The Story of Open World 株式会社 : Part 1- Roots

I spent the latter 2 years of high school in the Dominican Republic. I went to a very small boarding school for expats in a community in the mountains outside of Santiago. It was a small, cloistered experience, primarily missionary kids and overprivileged, underachieving American youth sent for a transformative experience.

But during the summers, we were given a break from academics and sent out into the community to do service projects and learn/practice Spanish. The epitome of learning by doing, principles I can now use academic jargon to describe (Task-Based Language Teaching, Content Language Instruction, Sociocultural Approach to Second Language Acquisition, Immersive Learning) I came to know by lived experience when I was 16.

A genuine fascination with a world previously unknown to me and a curiosity and desire to connect with the people from the community compelled me to acquire Spanish as quickly as possible to deepen my involvement in the community service projects. The Dominican people really captured my heart, and doing service projects in the rural communities showed me a window into socio-economic realities that left my young mind with more questions than answers about how the world worked.

In university, I flitted around many subjects searching for a major that would put language and explanation to the things I witnessed during high school in the Dominican Republic. I studied design, psychology, classics, economic development, until finally settling on a double major in economics and business administration. Every summer, I continued to involve myself with service work in Latin America. My first summer job was working as a trip guide for the Global Village program, the eco-tourism branch of Habitat for Humanity Guatemala.

This type of volunteer work was a fascinating collision of worlds. Volunteer teams would come from hi-spec institutions, elite universities, well-funded socialite groups and large corporations from around the developed world to get their hands dirty, building a home alongside the recipient families in a world they would never otherwise touch or acknowledge in their daily life.
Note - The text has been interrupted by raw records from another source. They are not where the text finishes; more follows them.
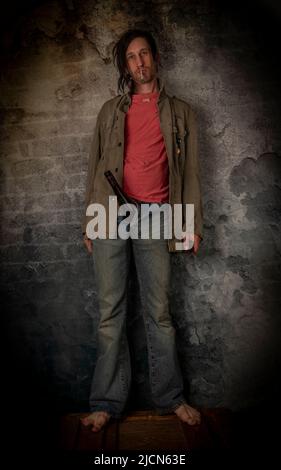 Junkie homme avec cheveux noirs et bouteille avec joint près de vieux mur de pierre Banque D'Images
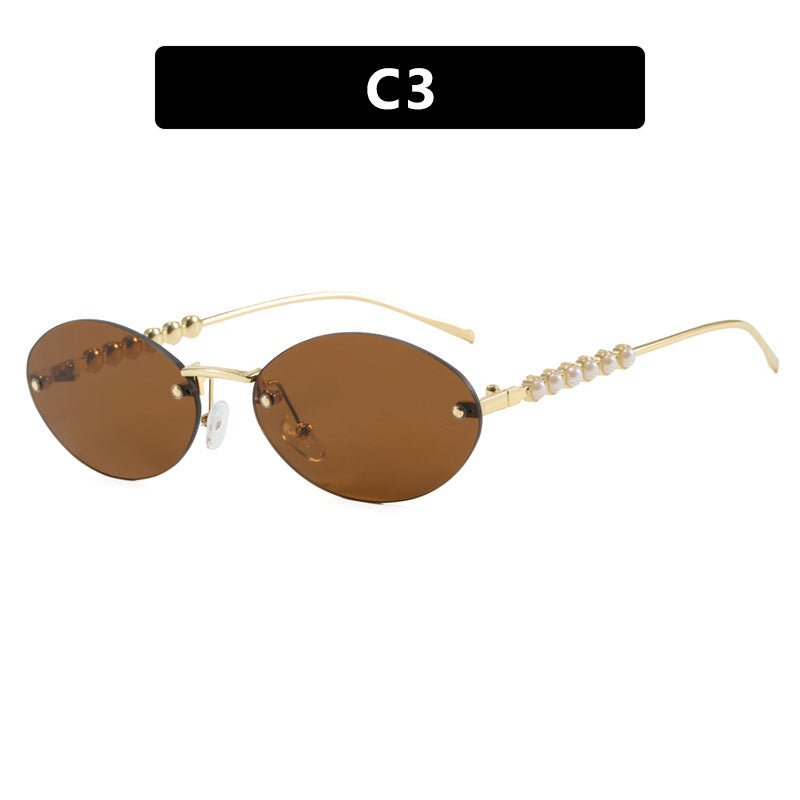 Women's stylish oval sunglasses with elegant embellishments Stornfield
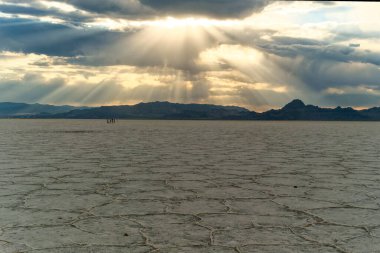 Güneş ışığı bulutları delip geçerek kuru ve çatlak yüzeyi olan bir tuzu aydınlatıyor. İnsanlar gün batımında çölde olay çıkararak uzaklarda yürür..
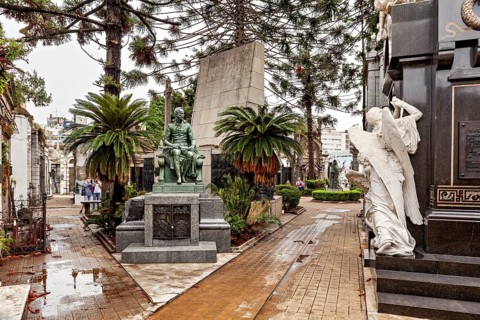 Ornate tomb with statues and angels in a peaceful setting, La Recoleta cemetery in Buenos Aires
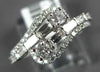 ESTATE .83CT DIAMOND 14KT WHITE GOLD 3D ROUND & BAGUETTE CRISS CROSS FUN RING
Though some came with enough knowledge of Spanish to connect with locals, most just gave their time, effort and smiles. But the experience of watching a ‘global community’ and the ‘family of man’ connect for the good of those less economically fortunate was profoundly moving for me, and continued to drive my search for meaning and method in academics.

I got to help create an infrastructure where systems of understanding were turned upside down, and provide comfort and structure for adventurous tourists who came to give and discover and connect with a simpler world, with priorities and realities entirely separate to their own.

After a few summers in Guatemala and a few years studying economic theory, I began to critique the shortcomings of the Habitat for Humanity structure for outreach, which in Guatemala required recipients to hold title to land in order to receive a no-interest loan from the non-profit organization in order to finance the construction of a home. I felt there were deeper and more widespread problems of those in ‘extreme poverty’ the organization was not structured to address, which led me to involvement with a microfinance nonprofit organization and a return to the Dominican Republic once again for my last university summer job.

The principles of microfinance are: Give tiny loans to poor people—especially women—without collateral, organize borrowers into small peer groups, and rely on social trust and mutual accountability instead of assets to ensure repayment. The loans are used to support micro-entrepreneurship and self-employment, repayments are small and frequent, interest is sustainable rather than charitable, and the aim is empowerment, income generation, and poverty reduction rather than profit maximization.

At the time, I didn’t think of these experiences as a philosophy. I was just trying to understand how people learn, adapt, and survive within systems that did not account for their realities. I didn’t yet know it, but these early encounters with inequality and agency would later shape how I approached work, learning, and eventually business.